L’État social régulateur
Philippe : Louis, notre dernier entretien a porté sur l’État totalitaire, cet État foncièrement nouveau apparu à la suite de la révolution russe de 1917. Selon vous, c’est pour avoir mésestimé et négligé des réalités politiques fondamentales que les communistes ont favorisé son développement. Engagés dans leur lutte pour un monde plus égalitaire et plus juste, ils ont sous-estimé l’importance de respecter les droits et libertés individuels et de reconnaître la légitimité et l’utilité des conflits et des luttes politiques. Se méprenant quant à la nature et aux enjeux du pouvoir, ils ont instauré une dictature qui, loin de faire disparaître toute domination politique, a pourvu l’État d’une maîtrise totale sur l’ensemble social. Heureusement, avez-vous conclu, l’État moderne allait poursuivre tout autrement sa métamorphose.
Louis : Oui, mais hélas les temps déraisonnables n’étaient pas révolus. La première moitié du XXe siècle allait connaître d’autres tempêtes effroyables. Car, parallèlement à la stalinisation du régime soviétique, on allait assister à la montée du fascisme. Au début des années 1920, dans le contexte de forte instabilité politique et sociale qui a suivi la Grande Guerre, les Mussolini, en Italie, et Hitler, en Allemagne, créent leurs partis respectifs sur la base d’un programme politique nationaliste, autoritaire, antisocialiste, antisyndical et raciste. Appuyé par les classes moyennes et les milieux d’affaire qui voient en lui l’homme fort susceptible de ramener l’ordre dans le pays, Mussolini accède au pouvoir dès 1922. Hitler devra attendre en 1933, jusqu’à ce que la situation économique catastrophique créée par la crise de 1929 et le climat politique fortement instable qui en a résulté lui pavent la voie. Les deux guides, le Duce et le Führer, instaurent des États totalitaires. Et pour le faire, ils vont recourir aux procédés déjà appliqués en URSS. On met sur pied une avant-garde disciplinée; on impose le parti unique et la dictature par la violence; on mobilise et l’on enrégimente par la propagande; on subordonne chacun à l’intérêt du tout et au chef qui le personnifie; on dynamise l’économie nationale, mais en accordant le primat au politique; on adopte des mesures de sécurité sociale; on inféode les syndicats; on réprime les opposants et on les interne dans des camps de travail et de concentration. C’est finalement au prix de plusieurs dizaines de millions de morts et de terribles dévastations que la Seconde Guerre mondiale mettra fin au fascisme italien et au nazisme.

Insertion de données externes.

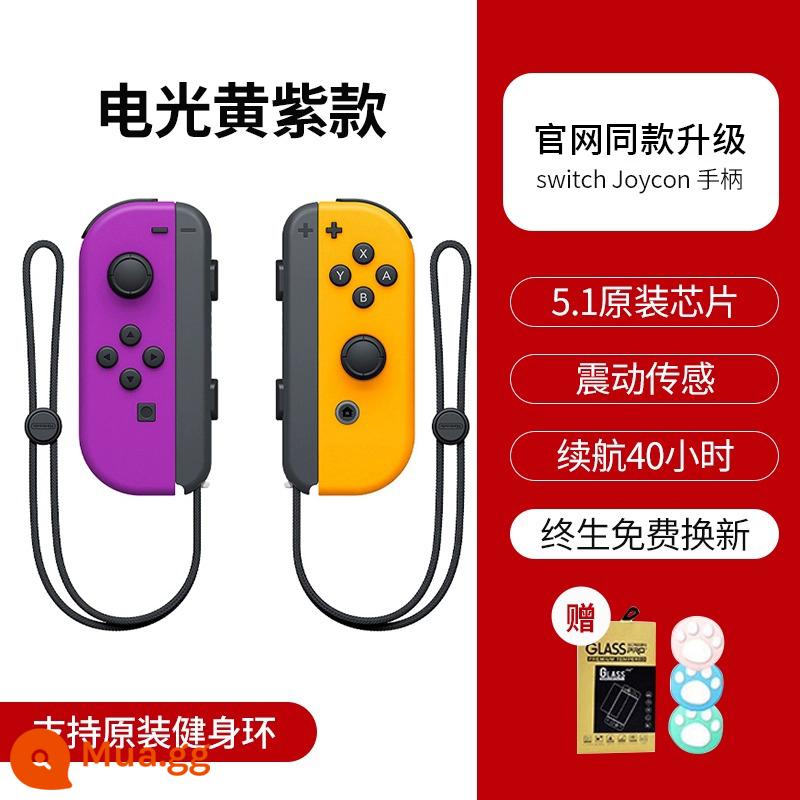 Tay cầm HKII chuyển đổi trò chơi joycon trong nước cần điều khiển somatosensory NS không trôi Splatoon 3 phù hợp với dòng quốc gia ban đầu của Nintendo Pokémon oled vòng thể dục đơn trái và phải - JoyCon [Vàng và Tím điện] hỗ trợ nhẫn thể dục ★ Mua một tặng ba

P : Pourtant, avant la guerre, ces deux régimes avaient été relativement bien vus par certains capitalistes et dirigeants politiques issus d’autres pays occidentaux.
L : Effectivement, en raison de leur crainte et de leur aversion pour le communisme, d’aucuns avaient manifesté une sympathie à l’égard de Mussolini, et même à l’égard d’Hitler. La guerre se faisant plus menaçante, ils vont se rallier à d’autres leaders plus critiques qui avaient, eux, cherché, à refonder un ordre social viable sans dénaturer le modèle de démocratie libérale. Trois tentatives de surmonter les crises économique et sociale qui régnaient dans les années 1930 tout en demeurant dans le cadre d’une démocratie libérale méritent d’être rappelées. Aux États-Unis, l’ambition fut portée par Roosevelt et son équipe de démocrates-progressistes qui entamèrent en 1933 la politique dite du New Deal. Visant à instaurer de toutes nouvelles relations entre l’État et la sphère socioéconomique, le président Roosevelt a fait adopter une série de normes et de politiques touchant de multiples secteurs, les secteurs bancaire, financier, monétaire, industriel, commercial, du travail et de l’emploi, de la sécurité sociale et de la lutte contre la pauvreté. Cependant, le New Deal s’est heurté à une forte résistance et, en mai 1935, la Cour suprême a invalidé la loi lui servant d’assise, le réduisant à une perspective de redistribution sociale.
P : Qu’en est-il des deux autres tentatives?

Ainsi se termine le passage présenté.